È stato presentato stamane, nella Chiesa di Sant’Oliva, a Cori, il libro “Mario Petrucci, un buttero di Maremma”, scritto dalla figlia Giovanna per rendere omaggio all’ultimo buttero cisternese in terra toscana.
Mario Petrucci, nato a Cisterna di Latina il 7 ottobre 1912, era figlio d’arte, nipote dei butteri Molinari, la famiglia della madre Gertrude, e figlio Francesco, massaro nell’azienda Graziosi nell’Agro Pontino, perciò imparò subito a domare i cavalli e ad affrontare i rischi di un mestiere durissimo, in cui bisognava cavarsela da soli, al più presto ed anche a spese della propria incolumità. Si narra che il mito di Mario Petrucci sia nato con il suo primo “infortunio sul lavoro”, quando a tre anni cadde dalla groppa di un asino che scalciava e scaraventato a terra si ruppe un braccio. A 13 anni, quando lavorava come buttero a mezza giornata, fu disarcionato da un indomabile puledro mentre lo montava e cadendo a terra sbatté la testa tramortito, ma tutto si risolse con un paio di giorni di riposo.
Dopo un periodo da “appressataro”, radunando a cavallo le vacche da mungere e conducendole entro la rimessa, quindicenne guadagnò il suo primo stipendio da vero buttero, dimostrano le sue capacità di abile domatore: in soli tre mesi trasformò il suo primo puledro da doma, Nobile, in un campione in sella al quale Mario vinse la prima corsa della sua vita. Nel ‘29, durante il trasferimento di una mandria da un’azienda ad un’altra, chiuso tra la recinzione ed un carro, venne caricato da un toro, che infilzò il cavallo sotto la pancia e prese lui sullo stivale, facendolo volare in aria e se per il cavallo non ci fu scampo, lui riuscì a salvarsi rifugiandosi sotto il carro.

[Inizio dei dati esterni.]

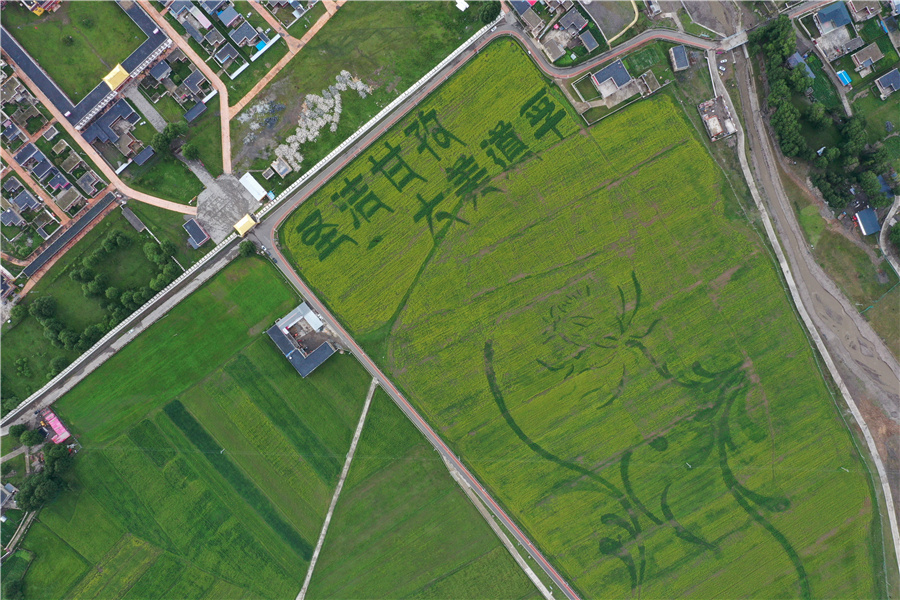 惠州参与援建的道孚县美德农业园，大面积种植莴笋，走“农旅结合”之路。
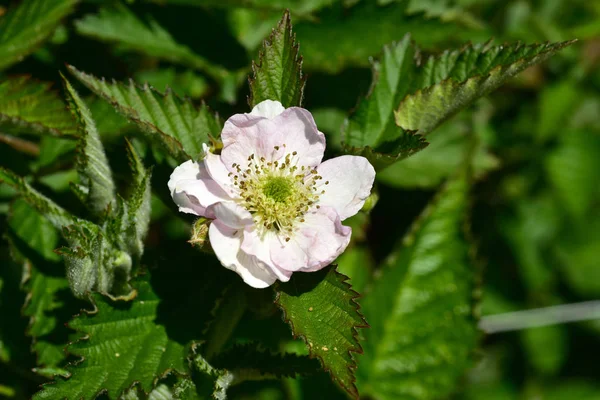 Florescimento de flor de arbusto de amora — Fotografia de Stock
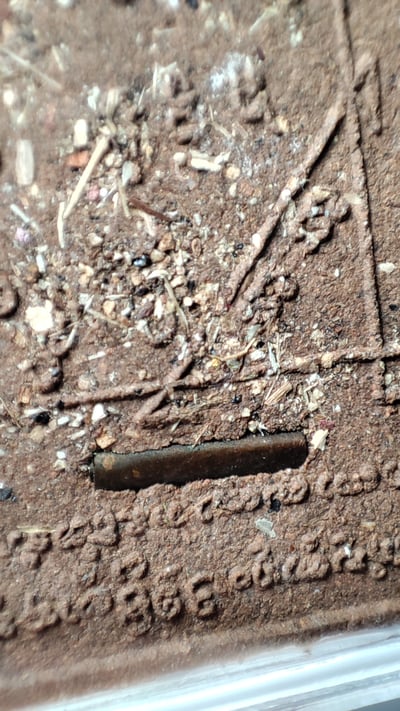 阿贊堆 馬面女8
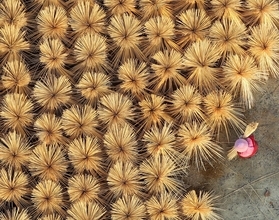 中国の竹産業の年産額が11兆円超に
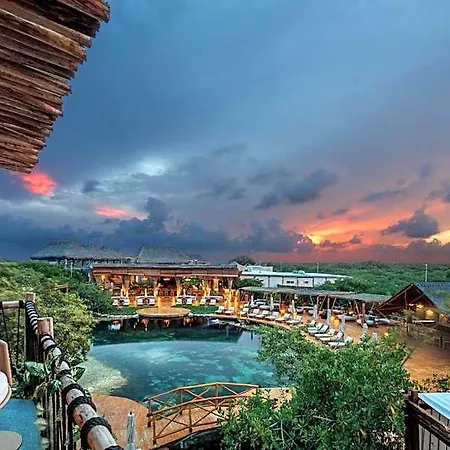 Hotel Shibari - Restaurant & Cenote Club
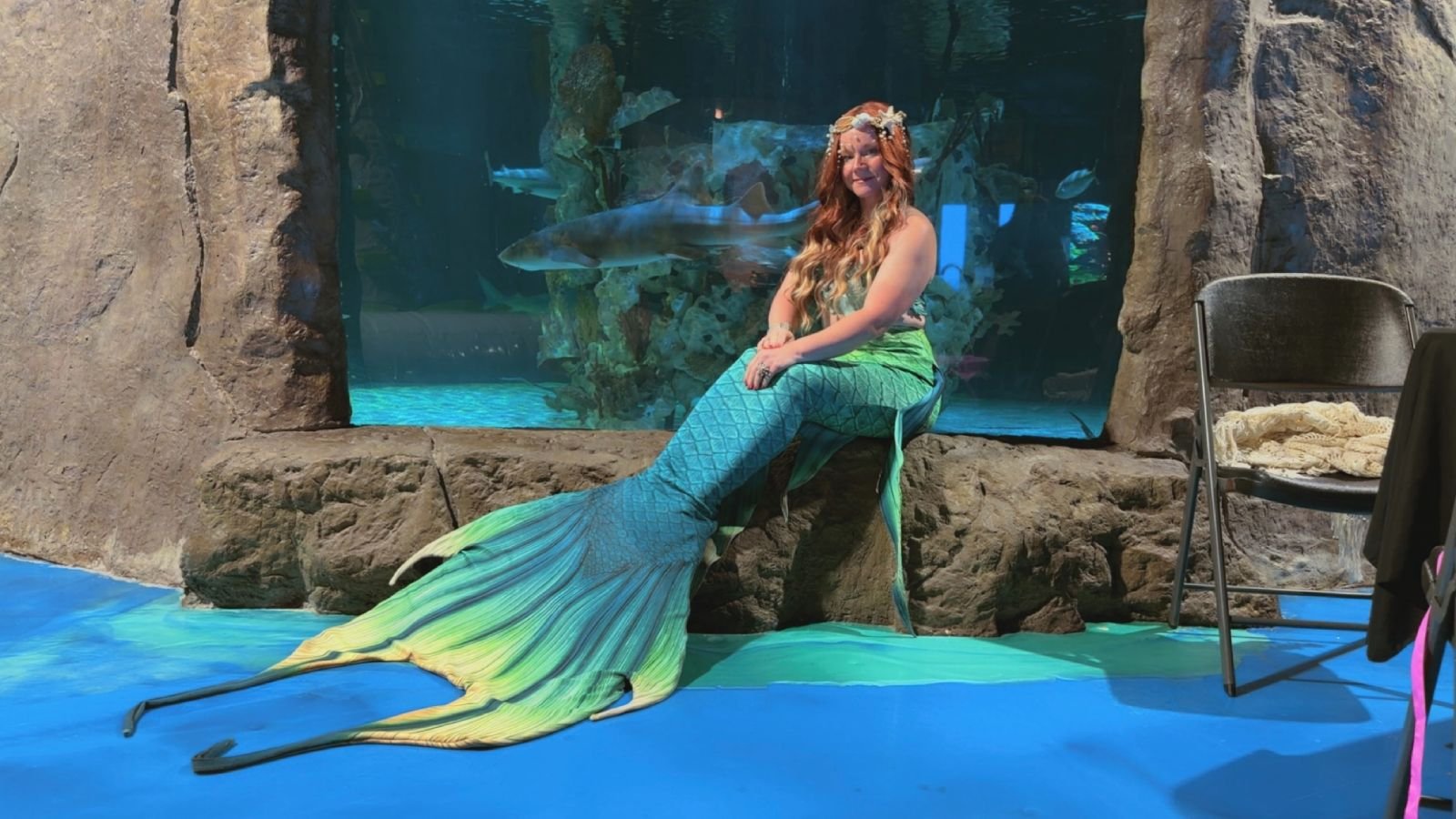 Mermaid performer with a turquoise tail seated before an aquarium window as a shark swims behind.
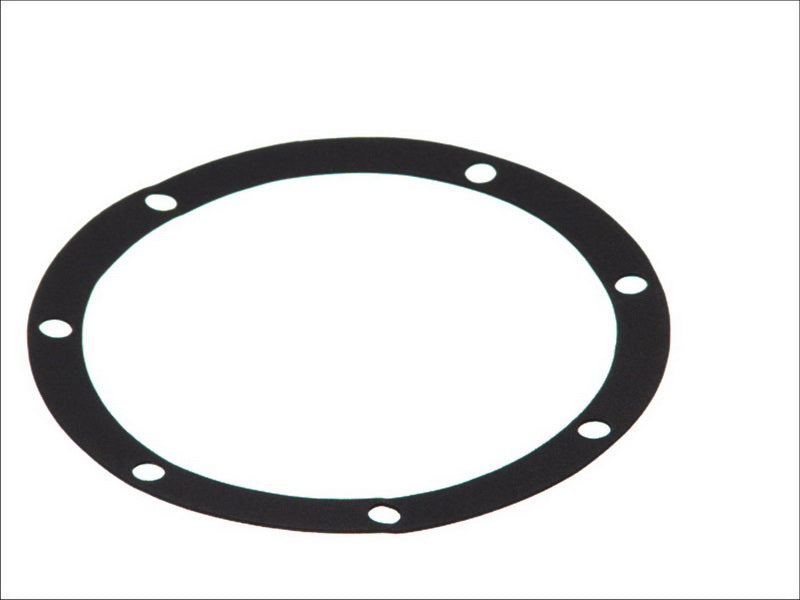 DT A/C 6.30081 Water Pump Gasket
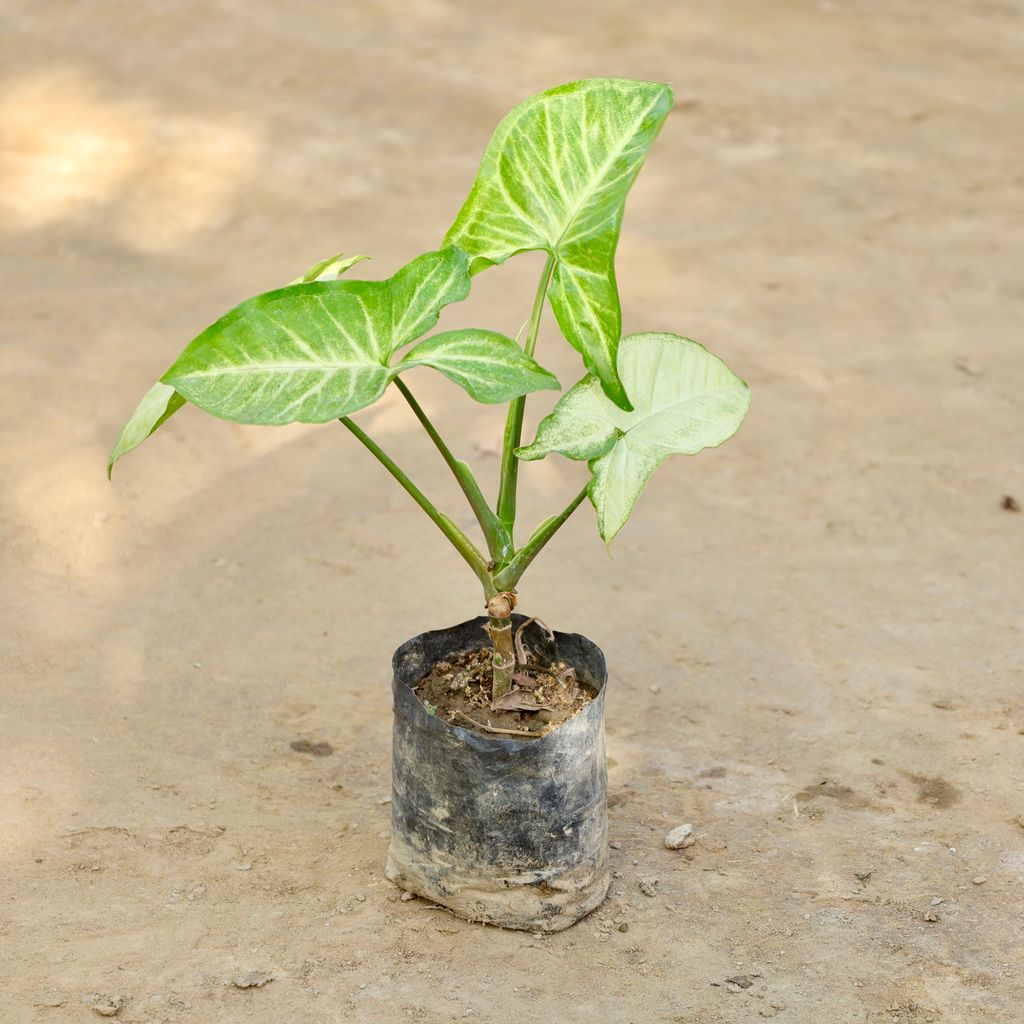 Buy Syngonium in 4 Inch Nursery bag Online | Urvann.com Syngonium in 4 Inch Nursery bag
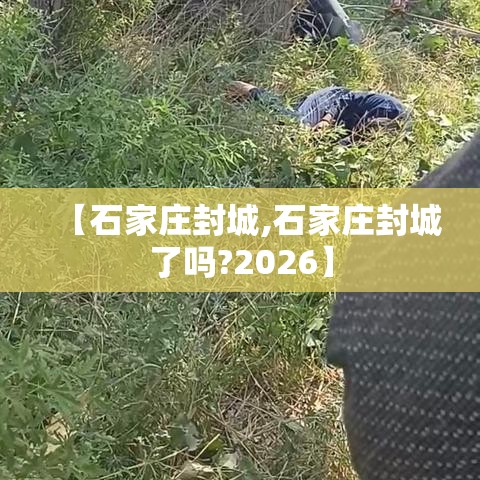 【石家庄封城,石家庄封城了吗?2026】
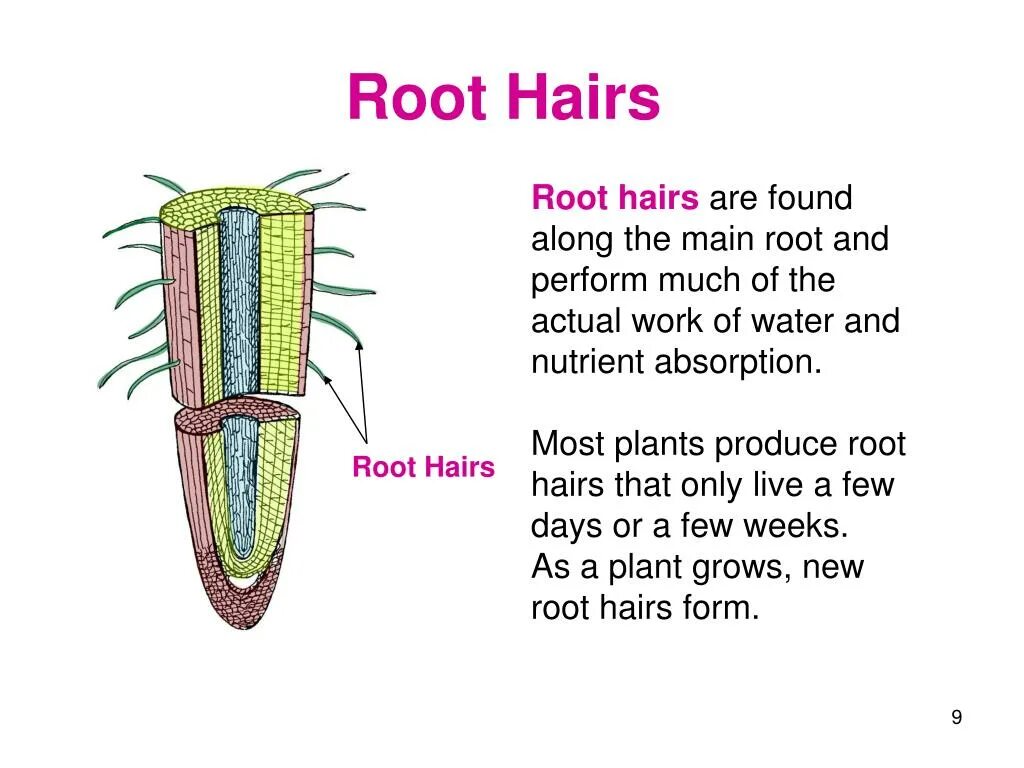 Hair roots. Functions of root hair. Ризодерма растений. Симпласт у растений.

Nel 1932 Mario cominciò a lavorare all’Opera Nazionale Combattenti, l’ente che si occupava della bonifica delle aree paludose e due anni dopo seguì lo zio Mariano Molinari che con una nutrita mandria di vacche e cavalli si trasferì nell’ex tenuta granducale di Alberese, nel grossetano, dove Mario continuò a lavorare come buttero, perfezionando le sue grandi capacità di domatore, istruttore e selezionare di cavalli.
Ma il pericolo era sempre in agguato, come quando uno stallone lo disarcionò, lo prese per un polpaccio e lo trascinò per terra e solo lo sfilarsi fortunoso dello stivale gli permise di uscirne vivo. Nel ’38 invece, durante un trasporto di manze in Albania, fu protagonista di un’altra avventura: giunto a Bari, prima dell’imbarco per Durazzo, durante lo scarico del bestiame dal treno, riuscì ad allacciare al volo per le corna con un cappio una manza, evitando che rovinasse in mare, tra la banchina del porto e la nave.
Nel 1942 sposò Alba Casarin e nacque la figlia Giovanna. Nel 1952 il fotografo Gori immortalò Petrucci mentre svolgeva il lavoro di buttero a cavallo in aperta campagna, un’immagine che fece il giro del mondo diventando l’icona dell’epopea dei butteri in Maremma. Petrucci inoltre non perdeva occasione per dimostrare la sue destrezza, come nel ‘47 a Verona quando salì e scese col cavallo tutti i gradini dell’Arena; oppure quando a Bari, in uno spettacolo serale, fece entusiasmare il pubblico ridendo mentre rimaneva incollato alla sella della sua cavalla Ortica che compiva vorticose evoluzioni.
Nel 1977 Mario andò in pensione ma non abbandonò la doma dei puledri, dedicandosi all’insegnamento del suo mestiere alle nuove generazioni di butteri ancora inesperti. Morì il 19 marzo 2005, all’età di 93 anni, e riposa nel piccolo cimitero di Val di Loreto ai piedi dei monti dell’Uccellina, vicino all’Alberese. Nonostante un fisico piuttosto minuto, Mario Petrucci è stato un grande buttero e tante sono le sue imprese ancora ricordate e tramandate nella maremma toscana. Tutt’oggi egli rappresenta il prestigio e l’abilità del buttero italiano nel mondo e costituisce la diretta prosecuzione delle tradizioni e della cultura del buttero cisternese trapiantato in terra toscana. La sua divisa, la sella e varie attrezzature da lavoro sono state donate alla sua amata Cisterna ed esposte nel Museo del Buttero a Palazzo Caetani.